The Eps8/IRSp53/VASP network differentially controls actin capping and bundling in filopodia formation.

机构信息

IFOM Foundation, Institute FIRC of Molecular Oncology, Milan, Italy.

出版信息

PLoS Comput Biol. 2011 Jul;7(7):e1002088. doi: 10.1371/journal.pcbi.1002088. Epub 2011 Jul 21.

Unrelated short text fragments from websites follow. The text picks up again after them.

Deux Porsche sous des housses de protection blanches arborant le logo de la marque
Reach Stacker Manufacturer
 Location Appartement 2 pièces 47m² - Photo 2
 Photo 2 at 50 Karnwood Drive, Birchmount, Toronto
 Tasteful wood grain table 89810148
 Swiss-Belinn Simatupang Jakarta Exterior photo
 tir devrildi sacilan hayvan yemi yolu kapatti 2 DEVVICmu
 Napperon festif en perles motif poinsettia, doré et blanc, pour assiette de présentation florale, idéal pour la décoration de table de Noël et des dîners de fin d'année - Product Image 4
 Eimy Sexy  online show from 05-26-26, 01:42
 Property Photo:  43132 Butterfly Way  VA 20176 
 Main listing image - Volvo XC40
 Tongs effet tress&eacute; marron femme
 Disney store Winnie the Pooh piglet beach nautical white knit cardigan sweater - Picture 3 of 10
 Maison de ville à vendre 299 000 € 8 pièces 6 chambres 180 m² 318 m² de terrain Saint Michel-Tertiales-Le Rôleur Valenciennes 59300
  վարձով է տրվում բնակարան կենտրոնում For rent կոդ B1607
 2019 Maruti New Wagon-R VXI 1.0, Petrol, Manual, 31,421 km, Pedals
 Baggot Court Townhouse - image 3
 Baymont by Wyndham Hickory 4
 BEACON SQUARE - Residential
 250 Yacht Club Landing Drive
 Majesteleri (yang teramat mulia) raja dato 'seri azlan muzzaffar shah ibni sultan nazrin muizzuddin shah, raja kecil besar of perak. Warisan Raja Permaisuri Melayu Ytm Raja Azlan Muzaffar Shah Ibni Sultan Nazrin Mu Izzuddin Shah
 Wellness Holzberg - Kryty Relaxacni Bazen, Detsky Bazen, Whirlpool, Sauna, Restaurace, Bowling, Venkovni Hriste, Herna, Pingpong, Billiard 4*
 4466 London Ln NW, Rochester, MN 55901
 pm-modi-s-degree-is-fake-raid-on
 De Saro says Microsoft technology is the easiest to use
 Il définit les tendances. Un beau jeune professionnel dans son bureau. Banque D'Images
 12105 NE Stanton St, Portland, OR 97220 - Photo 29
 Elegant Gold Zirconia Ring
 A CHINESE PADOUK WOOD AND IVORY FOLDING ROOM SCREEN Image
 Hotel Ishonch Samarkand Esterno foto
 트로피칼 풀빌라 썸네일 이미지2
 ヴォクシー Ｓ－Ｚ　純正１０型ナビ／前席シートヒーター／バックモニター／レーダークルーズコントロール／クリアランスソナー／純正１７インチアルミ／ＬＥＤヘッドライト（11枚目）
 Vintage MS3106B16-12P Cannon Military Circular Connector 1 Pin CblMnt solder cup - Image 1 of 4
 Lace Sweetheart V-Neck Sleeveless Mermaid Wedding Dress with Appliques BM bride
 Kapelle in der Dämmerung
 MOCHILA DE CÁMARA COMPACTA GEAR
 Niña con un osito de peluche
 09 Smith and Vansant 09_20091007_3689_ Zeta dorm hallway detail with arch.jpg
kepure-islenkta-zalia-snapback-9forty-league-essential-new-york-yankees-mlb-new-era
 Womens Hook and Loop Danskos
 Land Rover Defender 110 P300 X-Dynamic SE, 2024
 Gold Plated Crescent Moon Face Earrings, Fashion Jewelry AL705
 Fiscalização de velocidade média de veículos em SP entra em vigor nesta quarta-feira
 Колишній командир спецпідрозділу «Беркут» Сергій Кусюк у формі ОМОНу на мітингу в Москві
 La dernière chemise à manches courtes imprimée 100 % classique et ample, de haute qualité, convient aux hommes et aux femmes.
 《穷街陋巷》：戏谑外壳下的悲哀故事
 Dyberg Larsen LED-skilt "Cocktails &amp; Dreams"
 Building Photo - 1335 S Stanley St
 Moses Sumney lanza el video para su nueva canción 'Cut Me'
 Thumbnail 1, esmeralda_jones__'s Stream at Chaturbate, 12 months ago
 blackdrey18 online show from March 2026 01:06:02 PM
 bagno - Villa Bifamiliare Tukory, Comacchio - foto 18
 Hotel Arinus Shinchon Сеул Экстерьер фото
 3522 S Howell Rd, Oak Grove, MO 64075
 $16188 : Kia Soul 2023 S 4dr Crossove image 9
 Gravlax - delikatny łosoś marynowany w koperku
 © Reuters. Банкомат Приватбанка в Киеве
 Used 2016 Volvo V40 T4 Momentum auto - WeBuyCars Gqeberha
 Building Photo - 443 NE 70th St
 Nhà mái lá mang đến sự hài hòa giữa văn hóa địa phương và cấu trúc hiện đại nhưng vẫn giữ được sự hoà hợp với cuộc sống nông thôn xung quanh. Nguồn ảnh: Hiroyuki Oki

DOI:10.1371/journal.pcbi.1002088
PMID:21814501
原文链接:https://pmc.ncbi.nlm.nih.gov/articles/PMC3140970/
Abstract

There is a body of literature that describes the geometry and the physics of filopodia using either stochastic models or partial differential equations and elasticity and coarse-grained theory. Comparatively, there is a paucity of models focusing on the regulation of the network of proteins that control the formation of different actin structures. Using a combination of in-vivo and in-vitro experiments together with a system of ordinary differential equations, we focused on a small number of well-characterized, interacting molecules involved in actin-dependent filopodia formation: the actin remodeler Eps8, whose capping and bundling activities are a function of its ligands, Abi-1 and IRSp53, respectively; VASP and Capping Protein (CP), which exert antagonistic functions in controlling filament elongation. The model emphasizes the essential role of complexes that contain the membrane deforming protein IRSp53, in the process of filopodia initiation. This model accurately accounted for all observations, including a seemingly paradoxical result whereby genetic removal of Eps8 reduced filopodia in HeLa, but increased them in hippocampal neurons, and generated quantitative predictions, which were experimentally verified. The model further permitted us to explain how filopodia are generated in different cellular contexts, depending on the dynamic interaction established by Eps8, IRSp53 and VASP with actin filaments, thus revealing an unexpected plasticity of the signaling network that governs the multifunctional activities of its components in the formation of filopodia.

摘要

有大量文献描述了使用随机模型或偏微分方程和弹性及粗粒理论的丝状伪足的几何形状和物理特性。相比之下,很少有模型专注于控制控制不同肌动蛋白结构形成的蛋白质网络的调节。我们使用体内和体外实验的组合以及一个常微分方程系统,集中研究了一小部分在肌动蛋白依赖性丝状伪足形成中具有良好特征的相互作用分子:肌动蛋白重塑因子 Eps8,其盖帽和捆绑活性分别是其配体 Abi-1 和 IRSp53 的功能;VASP 和盖帽蛋白(CP),它们在控制丝状体伸长方面发挥拮抗作用。该模型强调了包含膜变形蛋白 IRSp53 的复合物在丝状伪足起始过程中的重要作用。该模型准确地解释了所有的观察结果,包括一个看似矛盾的结果,即 Eps8 的遗传缺失减少了 HeLa 中的丝状伪足,但增加了海马神经元中的丝状伪足,并产生了定量预测,这些预测已通过实验验证。该模型还使我们能够解释丝状伪足如何在不同的细胞环境中产生,这取决于 Eps8、IRSp53 和 VASP 与肌动蛋白丝之间建立的动态相互作用,从而揭示了控制其组成部分在丝状伪足形成中多功能活性的信号网络的意外可塑性。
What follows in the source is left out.